While most of the memories from that season have become at least a bit faded, a few still stand out vividly.  The night of November 17, 2003, is one of them.  It was in retrospect one of the first instances of foreshadowing of just what sort of season it was going to be.  The Guru and I traveled into Madison Square Garden to see the then-5-4 Celts visit the hated Knicks, and the first half was one filled with enjoyment.  Vin Baker was beastly, and the Celtics held a 54-38 lead going into the half despite point guard Mike James' inability to hit the broad side of a barn (he went 1-for-9 for the game).  Long story short, the second half was catastrophic as the Celts completely melted, the Knicks stormed all the way back, the vaunted Michael Doleac hit the ultimate winning shot and Paul Pierce missed a desperation heave at the buzzer.  Knicks 89, Celtics 86,  Son of The Guru miserable, The Guru not much happier. 

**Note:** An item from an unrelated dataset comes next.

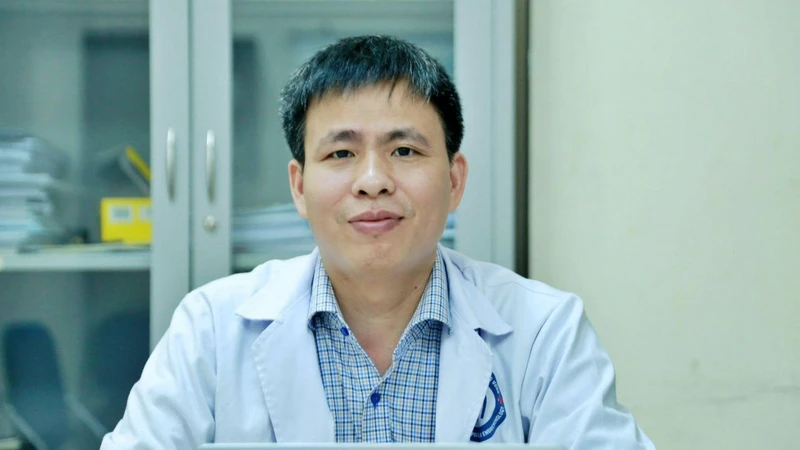 Tiến sĩ, Bác sĩ Nguyễn Trọng Hưng - Trưởng khoa Khám và Tư vấn dinh dưỡng người lớn, Viện Dinh dưỡng Quốc gia.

But what did come out of that frustrating night at the Garden was our first chance in person to take a look at a certain rookie point guard, and for one night, we couldn't have been more excited about the youngster from UNLV.  He played just 20 minutes, but Marcus Banks looked electric while he was on the floor.  He sped through Knicks defenders for easy penetration into the lane that led to a couple of acrobatic lay-ups and six assists.  The defensive end was even more encouraging.  Banks pressured the Knicks' ball-handlers throughout his time on the floor, contested every shot and always seemed to be a step ahead of his man.  The highlight of the night was the neophyte rising up to block a shot on the right wing, sprinting to the baseline and diving out of bounds while successfully saving the ball back to a teammate.  We knew he needed to put in plenty of work on his shooting, but for a kid in the first month of his NBA career, it was an encouraging showing.

Sadly, there haven't been too many more of those showings over the course of Banks' first five seasons in the league.  His youthful energy excited us in his first season, but it was all downhill from there.  Banks' poor shooting, his decision-making troubles at the point and his generally surly demeanor earned him a prime spot in Doc Rivers' doghouse at various times over the next two seasons.  By early 2006, he was on his way to Minnesota along with Blount, Davis and Justin Reed in the deal that brought Wally Szczerbiak to the Celtics.  In 40 games with Minnesota, Banks wasn't great by any stretch, but he looked improved enough (12 points and 4.7 assists per game, 47.9 percent field-goal shooting, 36.4 percent three-point shooting) to earn himself a raise and a contract through 2011 to back up Steve Nash in Phoenix. 

But it took the Suns just a season and a half to realize that Banks still couldn't shoot, still hadn't mastered running an offense in the pros, didn't seem all that interested in learning it and wasn't staying in great condition.  So he was sent packing again, this time to Miami in what has come to be known to very few as the Great Marcus Banks Trade also involving lesser-knowns such as Shawn Marion and Shaquille O'Neal.

Now, Banks is heading into his sixth season in the league, and he recently told the Miami Herald that he believes he is ready to run his own team.  He is undoubtedly going to be in the mix at the point along with Mario Chalmers and Chris Quinn, and he had a nice showing in a very small sampling down the stretch for Miami: 12 games played (2 starts), 21.6 minutes, 9.5 points and 3.0 assists per game (15.8 and 5.0 per 36 minutes), 51.2 percent field-goal shooting, 40.5 percent three-point shooting, 63.1 percent true shooting.  That said, it's hard to get too crazy over a part-time showing over 12 games, and it's worth remembering that with the exception of those games, this guy has had the same problems for his entire career: bad shooting, bad on-court decisions, bad attitude, lack of focus.

But thinking back to those days in the autumn of 2003 provides a reminder of just how much potential Marcus Banks once had and may still possess.   That lightning speed, the ease with which he handled the ball and those flashes of brilliance 26 years old, this guy still has the time left if he can just get his head on straight and put the work in for a bit.  It's been a disappointing first five seasons for Marcus Banks, and he may run out of opportunities sooner or later.  But he has quite a chance in front of him in Miami this fall, and perhaps he will surprise the masses and find a way to make the most of it.